ABOUT THIS TASK: Please copy exactly the part of the records below that opens with the line containing "Tiffany Sterling Silver" and closes with the line containing "Painting on canvas", leaving out any pictures.

--- DATA IN THIS EXERCISE ---

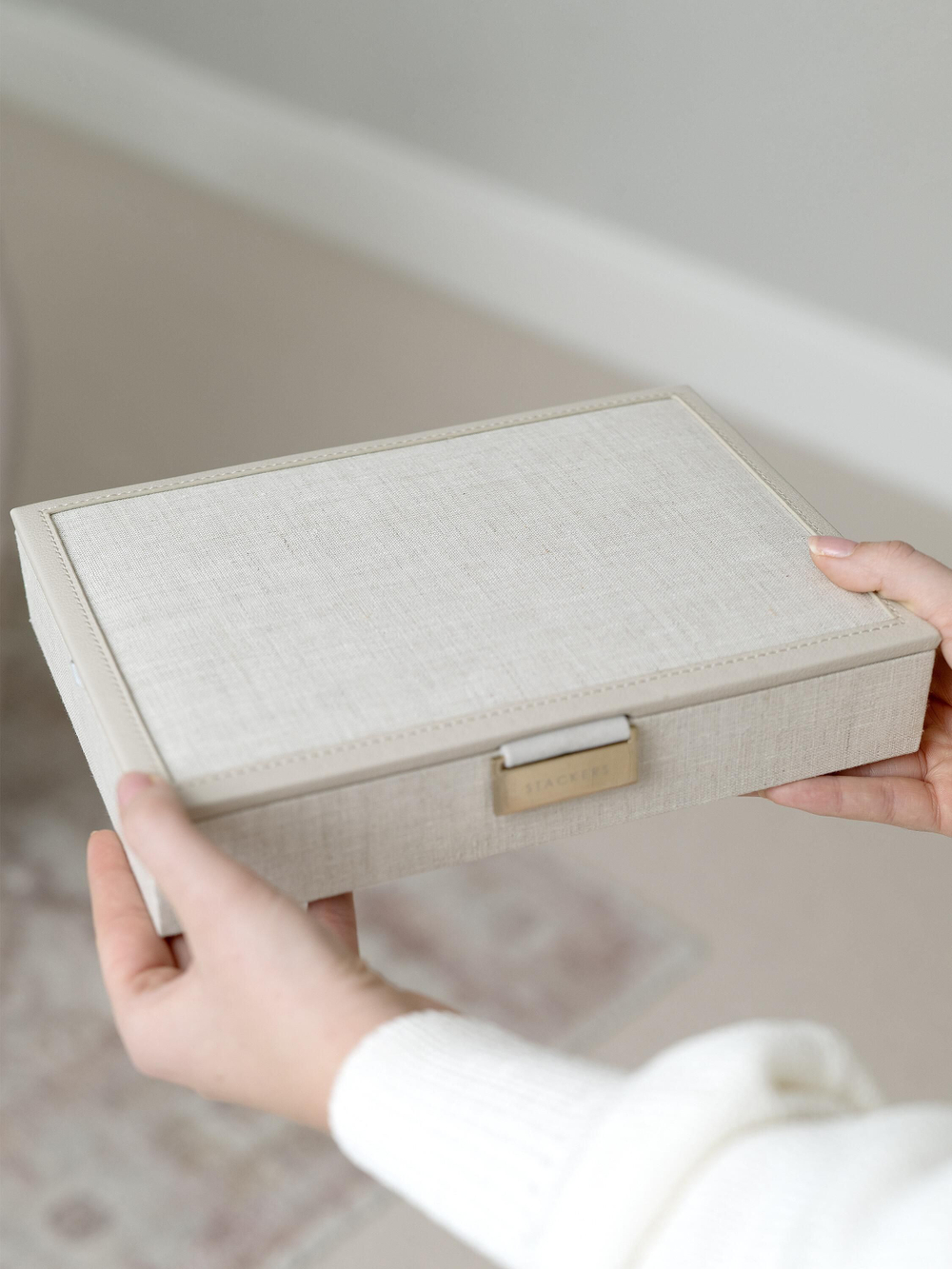 Органайзер для украшений Stackers Classic Jewellery Box Lid - Taupe Woven (Sage Green / светло-зеленый / Sage Green)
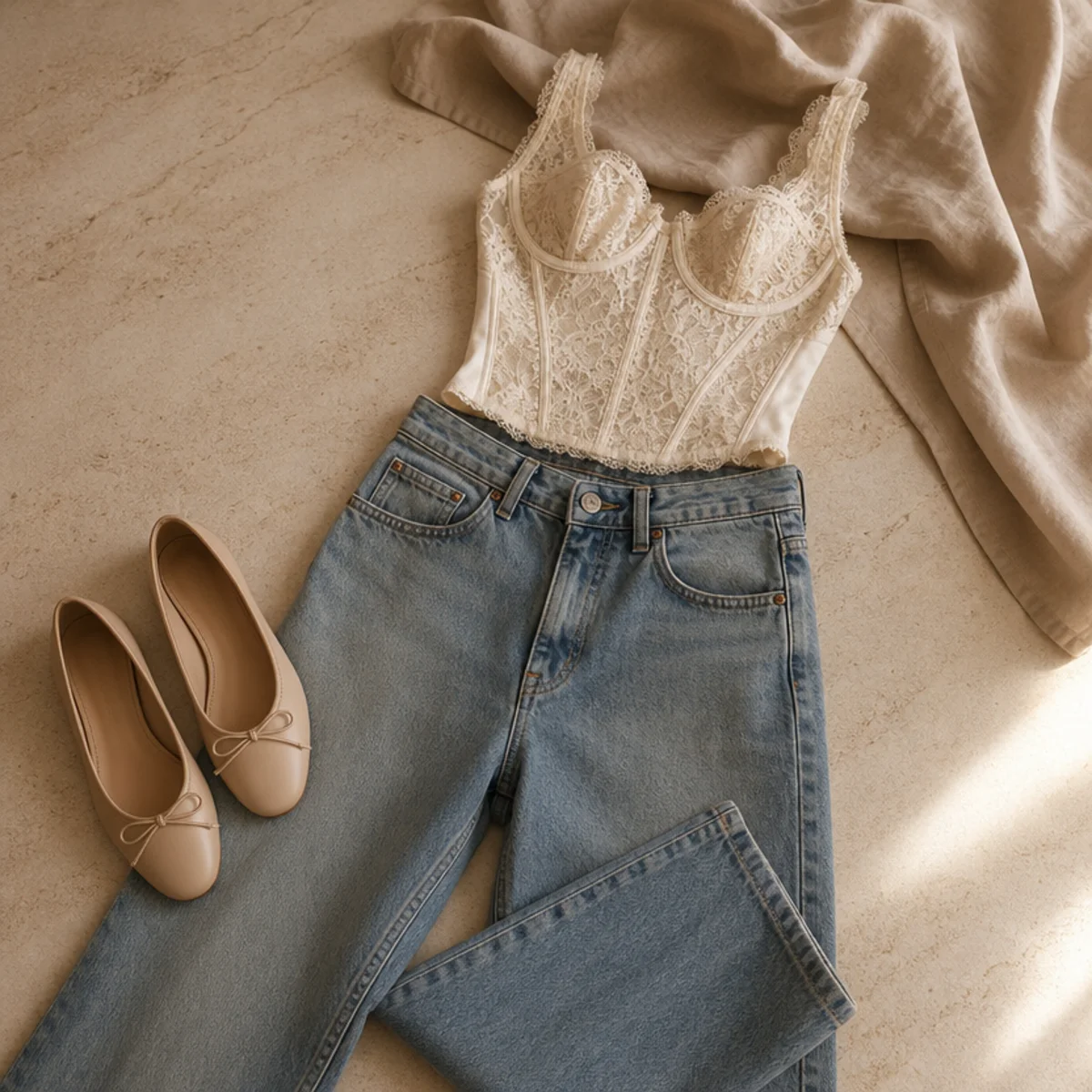 Faceless waist-up shot of a lace corset top with vintage-style jeans and flats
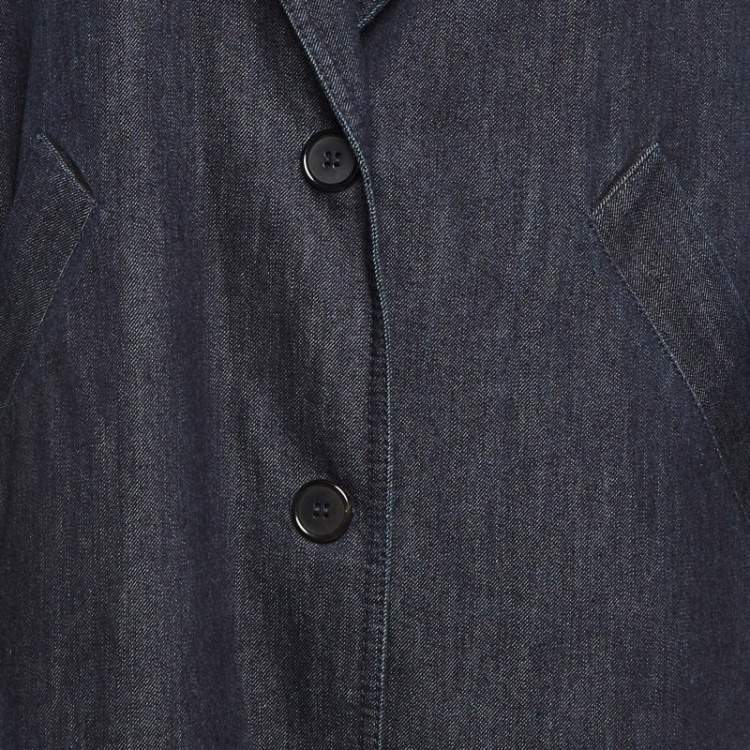 Pre Owned Marni Dark Blue Denim Button Front Long Coat S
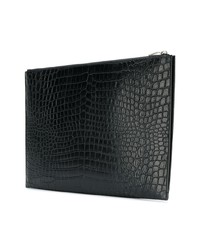 schwarze Leder Clutch Handtasche von Saint Laurent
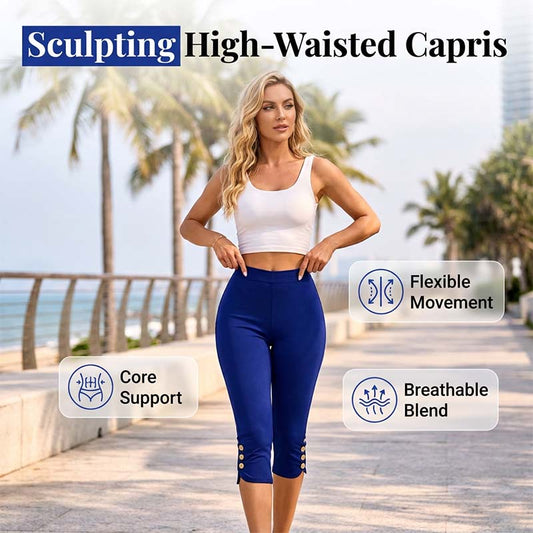 👖 50% OFF NOW! 🌸 Women's Comfortable Tummy Control Stretch Capris – High-waisted & 4-way stretch – Breathable, perfect for yoga, travel or everyday comfort – flattering and smooth ✨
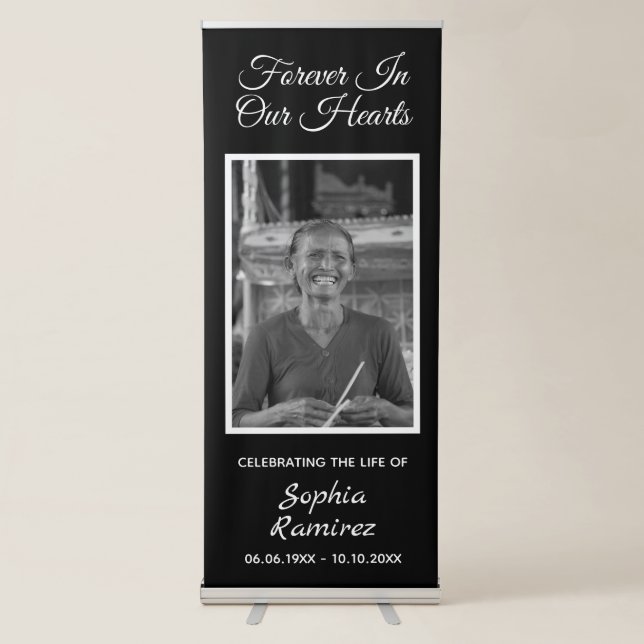 Forever In Our Hearts Celebration Of Life Funeral Retractable Banner (Front)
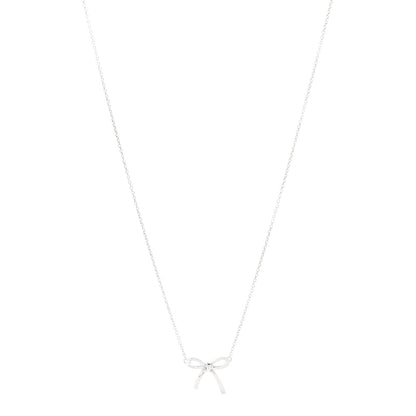 Tiffany Sterling Silver Small Bow Pendant Necklace 1 of 6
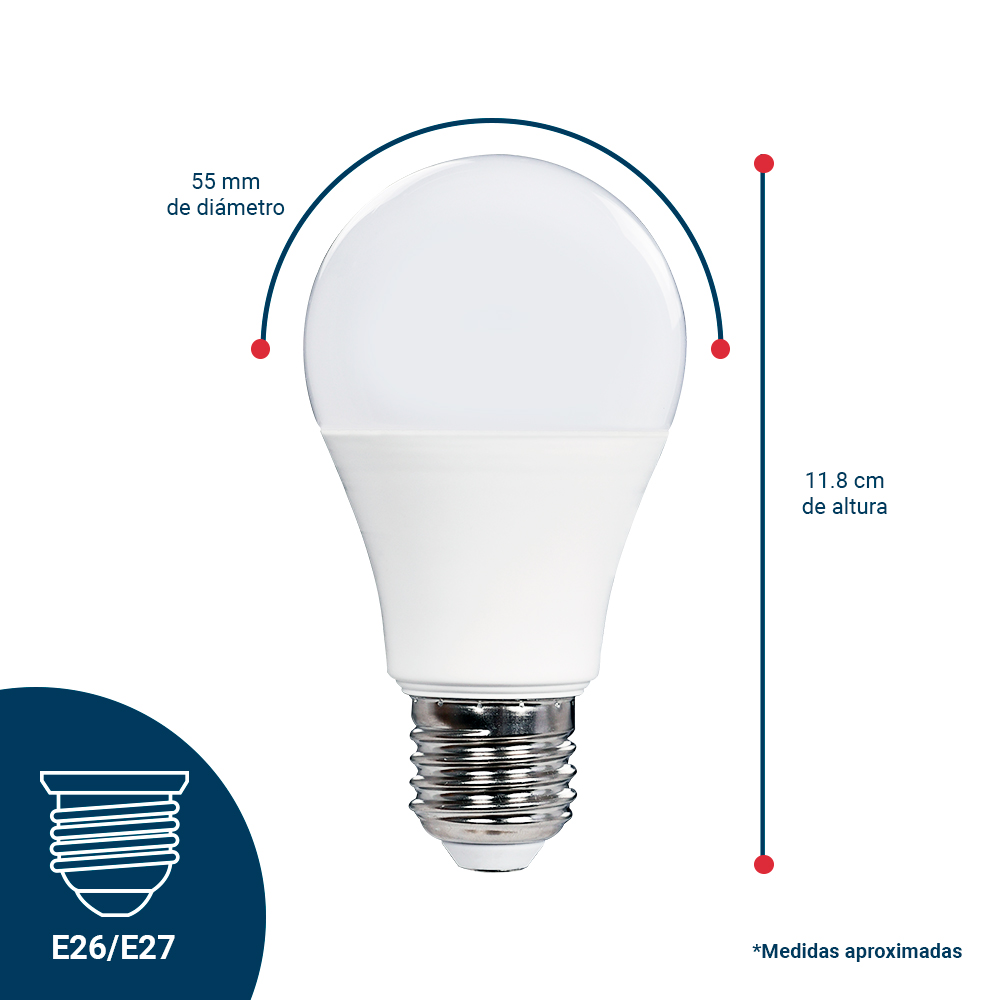 Foco Icon Led 10w A60 Luz Blanca Ilumina 75w Pack 10 Pzas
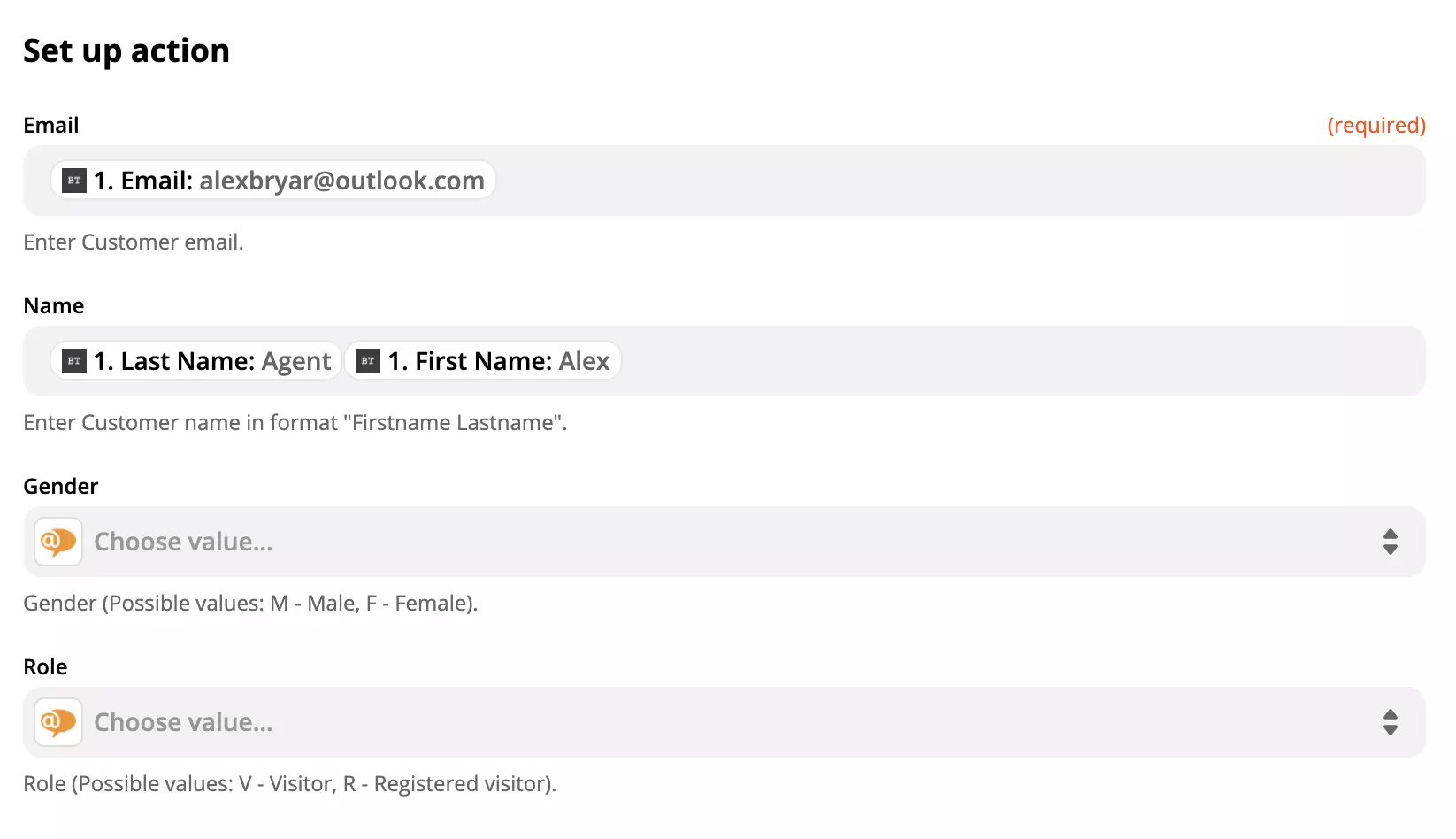 'LiveAgent' veiksmų konfigūracija su duomenimis laukuose 'Zapier'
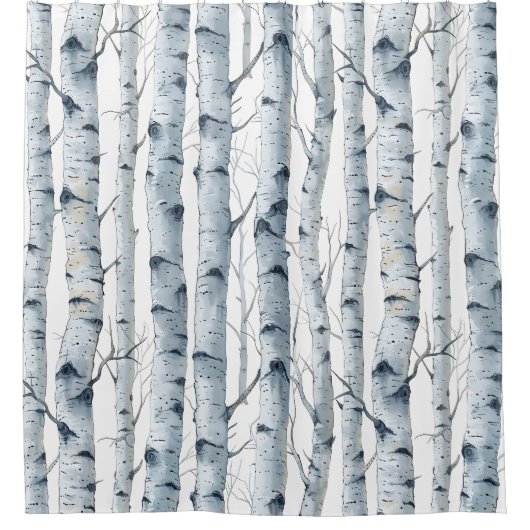 Birkengraues weißes Muster Duschvorhang (Vorderseite)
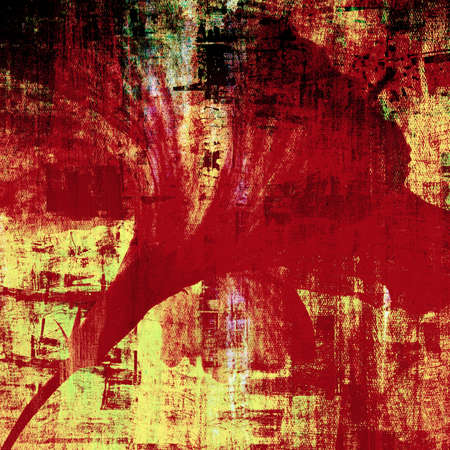 Painting on canvas texture with Hibiscus flowerの写真素材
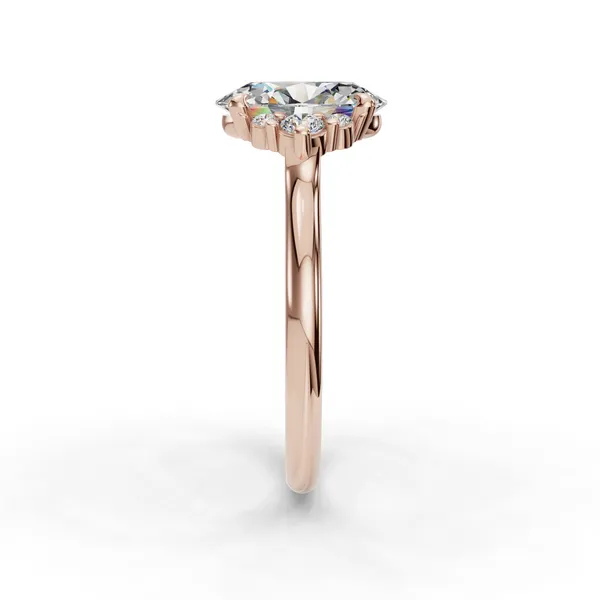 18K Rose Gold Oval Engagement Ring Setting Image 3 SVS Fine Jewelry Oceanside, NY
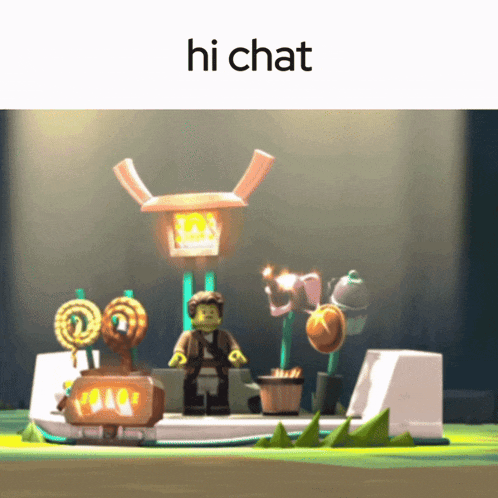 a picture of a lego scene with the words hi chat on the top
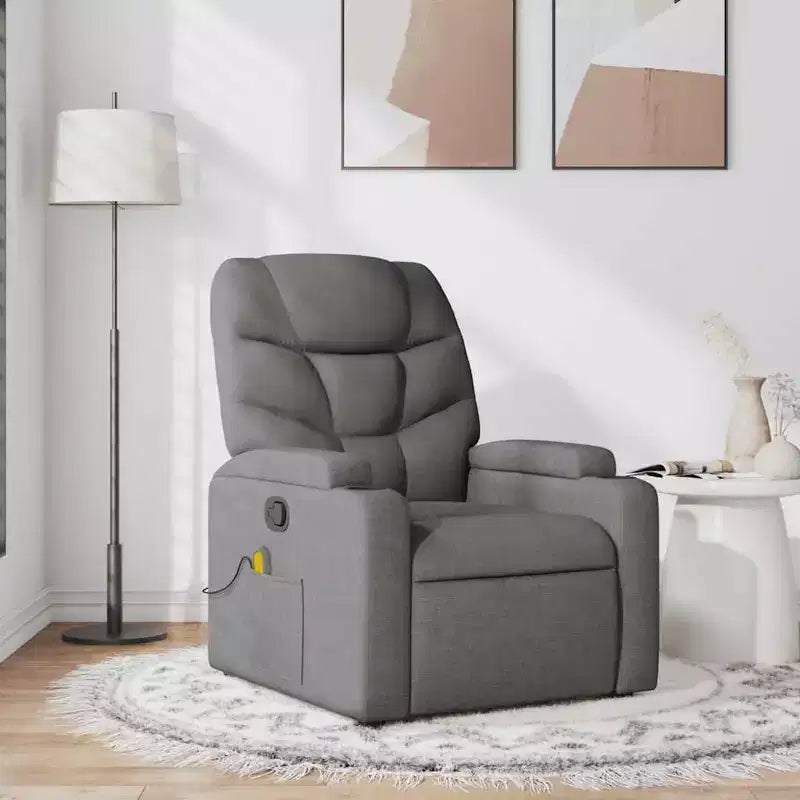vidaXL Sillón reclinable de tela gris oscuro - 6 puntos de masaje vibratorio, respaldo y reposapiés ajustables - Gris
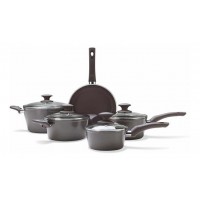 KIT DE PANELAS EM CERAMICA 5 ITENS LINHA LUXO - CINZA/TEFLON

---

OUTPUT:
 Tiffany Sterling Silver Small Bow Pendant Necklace 1 of 6
 Foco Icon Led 10w A60 Luz Blanca Ilumina 75w Pack 10 Pzas
 'LiveAgent' veiksmų konfigūracija su duomenimis laukuose 'Zapier'
 Birkengraues weißes Muster Duschvorhang (Vorderseite)
 Painting on canvas texture with Hibiscus flowerの写真素材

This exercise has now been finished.